_ABOUT THIS EXERCISE_: Below are records; print only the lines from the line containing "Green Print Pockets" to the end, both included, reproduced exactly and without the pictures.

_DATASET ENTRIES_:
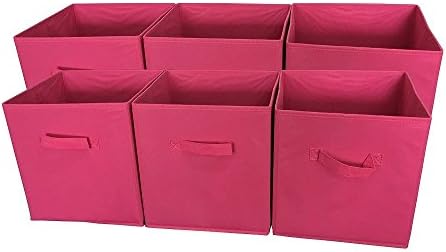 Storage Cube Basket Fabric Drawers are the perfect gift for your storage organizer, racks, closets, etc. Great way to organize your home (Fuchsia)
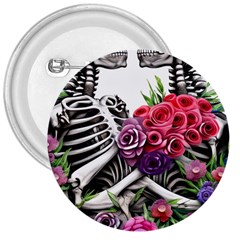 Gothic Floral Skeletons 3  Buttons by GardenOfOphir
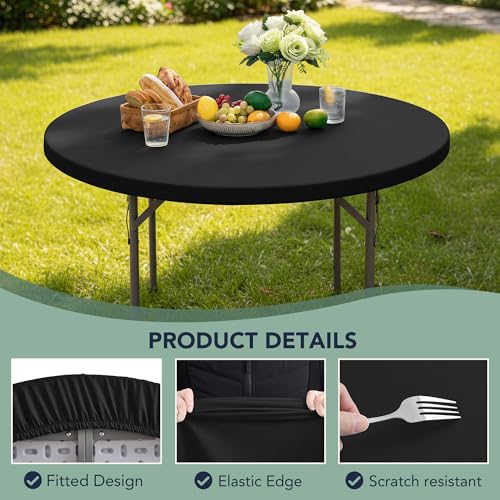 Black 6-Pack 5ft Fitted Round Table Cover with Elastic - Non-Slip, Indoor & Outdoor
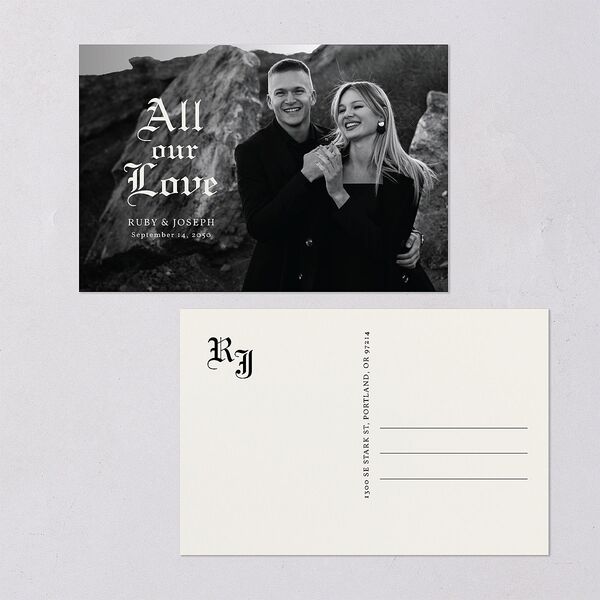 Minimalist Gothic Typography Photo Thank You Postcards Midnight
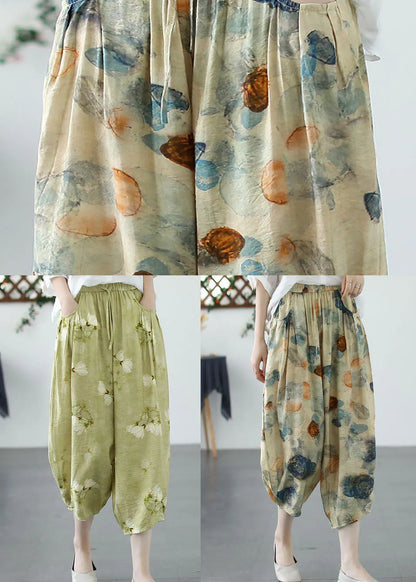 Green Print Pockets Patchwork Linen Harem Pants Summer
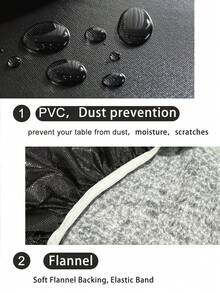 白色、黑色 PVC 圓形桌布，帶彈性邊緣與抓絨內裡，圓形乙烯基防水易擦拭桌布，適用於室內露台與室內花園 - 黑色 - 查看 6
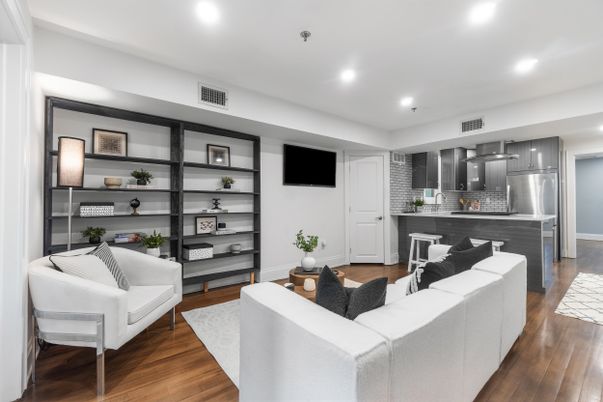Interior, Kitchen, Living room, Recessed Lighting, Stainless Steel Appliances, Wood Texture Flooring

_EXERCISE RESPONSE_:
 Green Print Pockets Patchwork Linen Harem Pants Summer
 白色、黑色 PVC 圓形桌布，帶彈性邊緣與抓絨內裡，圓形乙烯基防水易擦拭桌布，適用於室內露台與室內花園 - 黑色 - 查看 6
Interior, Kitchen, Living room, Recessed Lighting, Stainless Steel Appliances, Wood Texture Flooring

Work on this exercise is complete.